There is always something exciting happening at The Grove according to Barlow, who works under Ben Bayly and Michael and Annette Dearth. “It’s always fast paced and busy in the kitchen, but although it is at time tough, it is extremely rewarding. It keeps you on your toes and keeps you excited about heading into work each day.”
At 20 years old, before moving to London, Barlow ate at the 3 Michelin Star Jean-Georges in New York, and despite it being very traditional and classic French cuisine it was flawless, and he knew then the level of kitchens in which he wanted to work in.
Since then Barlow has worked at Huka Lodge, Guillaume at Bennelong in Sydney, The Bath Priory, Hibiscus, Fera at Claridges which has led him to where he is now, The Grove in Auckland’s CBD.
“One of my biggest accomplishments has been competing in the San Pellegrino young chef semi-finals. It was such a great experience to be able to cook for the chief judges and spend the day with them in the kitchen. However, I cannot forget the lessons and experience I have gained through working with some world-class chefs who have taught me so much over the years.”
When it comes to ingredients, Barlow is excited by fresh seasonal ingredients and flavours they have to offer.
“I always look forward to spring. Peas, broad beans, asparagus – such exciting times, and it always seems like winter has been going on long enough!

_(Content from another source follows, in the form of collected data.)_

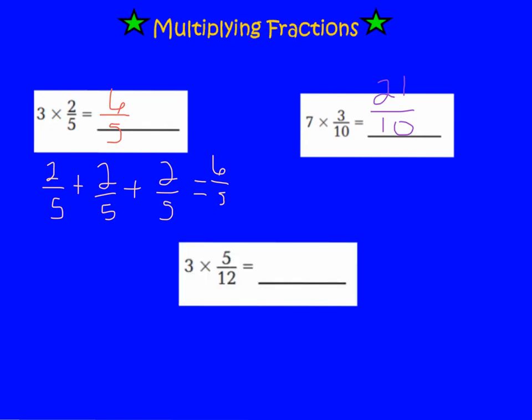Let's look at our next problem: 3 times 5/12. I would like you to answer this problem on your own. Pause, work out the problem, and press play when you're ready to go over the answer. The answer to 3 times 5/12 is 15/12. If I multiply 3 times 5, I will get 15, and my denominator stays at 12. It's the same as adding 5/12 three times.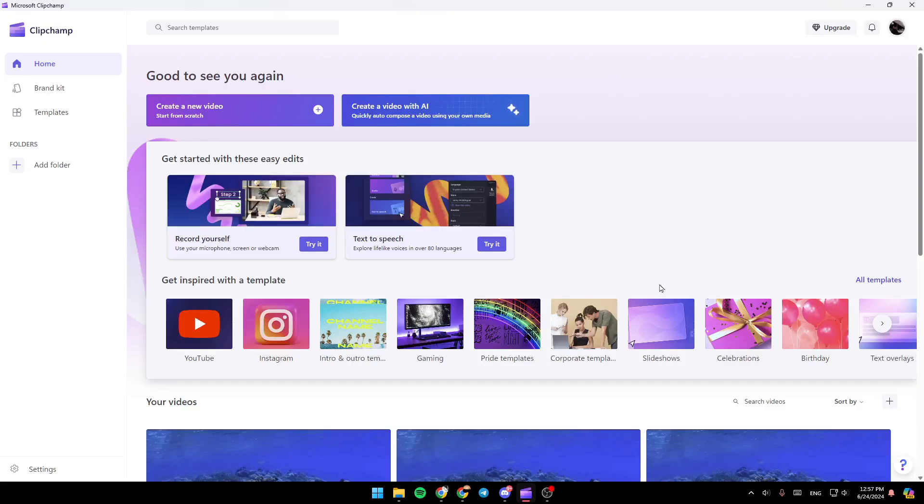Hello everyone and welcome back to a new video. In this video, I'm going to show you how you can edit a photo on Clipchamp. So if you want to learn how to do it, just follow the steps that I'm going to show you.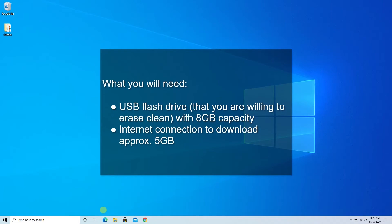To show you how easy this has become over the last few years, the only things that we're going to need today to create our own USB flash drive for Windows 10 is a flash stick that is at least 8 gigs in capacity that you don't mind wiping clean and a pretty good internet connection because we're talking about 5 gigabytes worth of data that we're going to need to download today.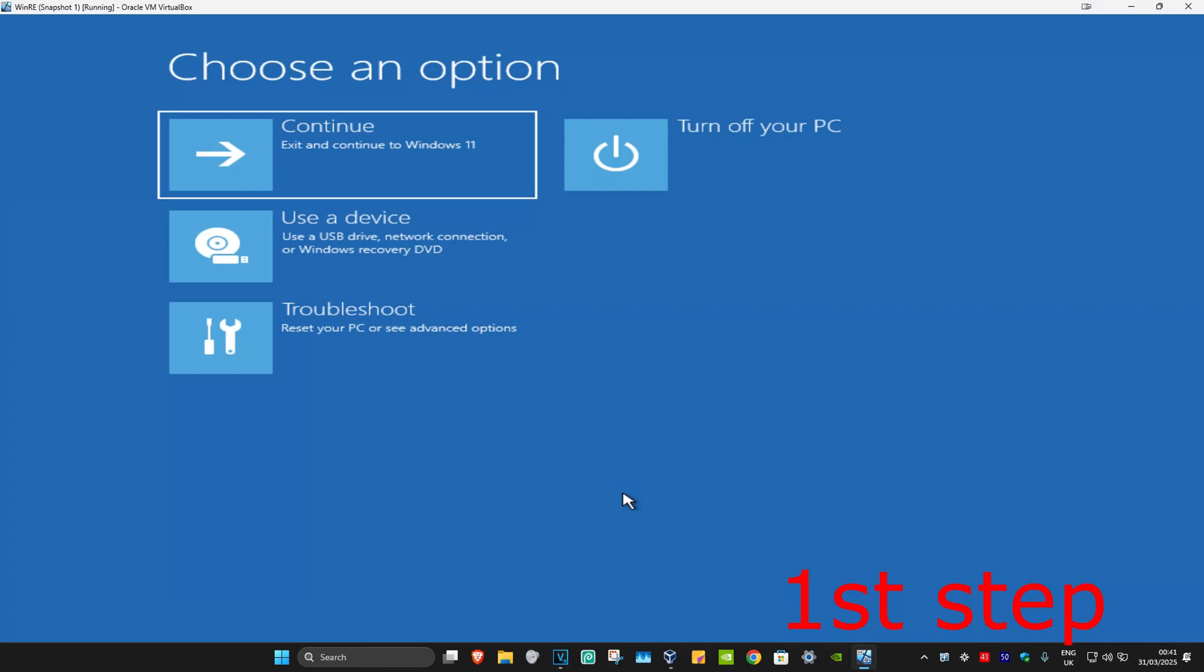So guys, for the first step you want to get to this screen. Now to get here, you want to turn off your computer from the power button and then turn it back on again.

Although winter seems to drag on, I can never pass up a good lasagne, and it’s the perfect comfort food.”
For Barlow, there was no other job he wanted than to be a chef. A great influence on his career has been Simon Rogan’s approach to food. “It’s pretty special. He grows so much of his produce on a farm in the North of England. The growing is overseen by the chefs, which mean things are grown to his exact specifications. It also means he can grow ingredients which aren’t commercially available by the large vegetable suppliers.”